By: Ross Lockhart, Staff Writer
I feel like I don’t go out that much. This is probably an exaggeration, but with all the shows that happen around Athens, it seems like I see very few of them. I wasn’t about to miss this one, though. For whatever reason, I had hyped this show up to myself a great deal. I felt a strong sense of culmination, like everything was coming together. It was one of those nights where everything just felt right.
My friends and I showed up at the perfect time. Frankie Teardrop was just about to go on. The humble threesome assembled behind their respective instruments and got right to it. Dudes were shredding. There was a notable difference from the last time I had seen them perform. Everyone in the crowd was completely engrossed immediately. It seems that the group has finally closed in on a sound and how they want to play. The audience huddled around the band intently, too interested in the music to thrash around. They played fast songs, heavy songs and closed it out with a distinct, mostly instrumental, ridiculously groovy banger. Just like that, Frankie Teardrop became my new favorite band. Tonight, The Skull. Tomorrow, the world.

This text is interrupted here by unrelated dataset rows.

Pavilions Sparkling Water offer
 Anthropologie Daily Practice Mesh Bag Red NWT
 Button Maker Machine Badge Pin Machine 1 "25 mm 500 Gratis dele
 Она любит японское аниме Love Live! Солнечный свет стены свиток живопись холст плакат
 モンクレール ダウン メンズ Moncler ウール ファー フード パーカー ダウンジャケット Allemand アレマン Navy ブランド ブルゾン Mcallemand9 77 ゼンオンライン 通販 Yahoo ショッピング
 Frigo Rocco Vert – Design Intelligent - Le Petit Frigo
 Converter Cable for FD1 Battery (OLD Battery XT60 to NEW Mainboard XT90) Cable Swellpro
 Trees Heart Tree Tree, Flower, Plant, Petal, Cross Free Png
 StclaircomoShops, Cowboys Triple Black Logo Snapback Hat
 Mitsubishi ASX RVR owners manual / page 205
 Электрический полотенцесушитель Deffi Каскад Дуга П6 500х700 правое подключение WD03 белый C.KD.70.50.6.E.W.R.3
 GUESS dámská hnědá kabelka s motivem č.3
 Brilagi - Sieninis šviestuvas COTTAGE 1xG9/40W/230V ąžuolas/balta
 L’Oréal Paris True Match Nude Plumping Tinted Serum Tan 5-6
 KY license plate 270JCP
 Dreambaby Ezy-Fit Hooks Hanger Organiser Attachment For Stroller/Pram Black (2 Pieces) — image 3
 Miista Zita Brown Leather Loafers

Obviously, Frankie T was going to be a hard act to follow, but I was stoked to see visiting artist Jonathan Hape perform as well. He had a unique one-man-band setup with a guitar, custom rigged kick and snare drums and plenty of pedals and fancy-looking gear. Unfortunately, there were some issues with the setting up of said gear. My guess is he felt rushed and certain plugs didn’t make it into the correct holes. He started playing, and the mix was low and uneven. Everyone just looked at each other nervously. The sound guys tried to crank it up, but to no avail. It was a shame because he was really going for it, oblivious to the confused looks on everyone’s faces. I don’t think fingers should be pointed at anyone specifically, though. Shit happens. Despite the technical issues, he played well from what I could hear and everyone stuck around to give him a courteous applause when he finished. I thought that was swell. Ain’t no scene like the Athens scene.
Small Steps were last to go and, as expected, incited some good-natured ultra-violence. As the group furiously ripped through their set, combatants flailed about and tossed each other around mercilessly. Patrons became gladiators in a sinister beer-drenched arena. Even the tiniest of girls weren’t safe from the mayhem. Buckets of sweat splashed everywhere as Grant Engstrom and the gang beat the living shit out of their instruments. Some dudes lifted their friend onto their shoulders and slammed him into the disco ball above. I couldn’t help imagining how cool it would be if his head were sliced off by a ceiling fan.
All too quickly, Small Steps were finished. Handshakes and good jobs were exchanged. People poured out of the bar to smoke and pursue more adventures. It’s always funny to see a place that was in complete chaos just a moment ago return to normal like nothing ever happened. I think it can be safely said that everyone had a blast last night. The best part is, it’s only a matter of time before we do it all over again.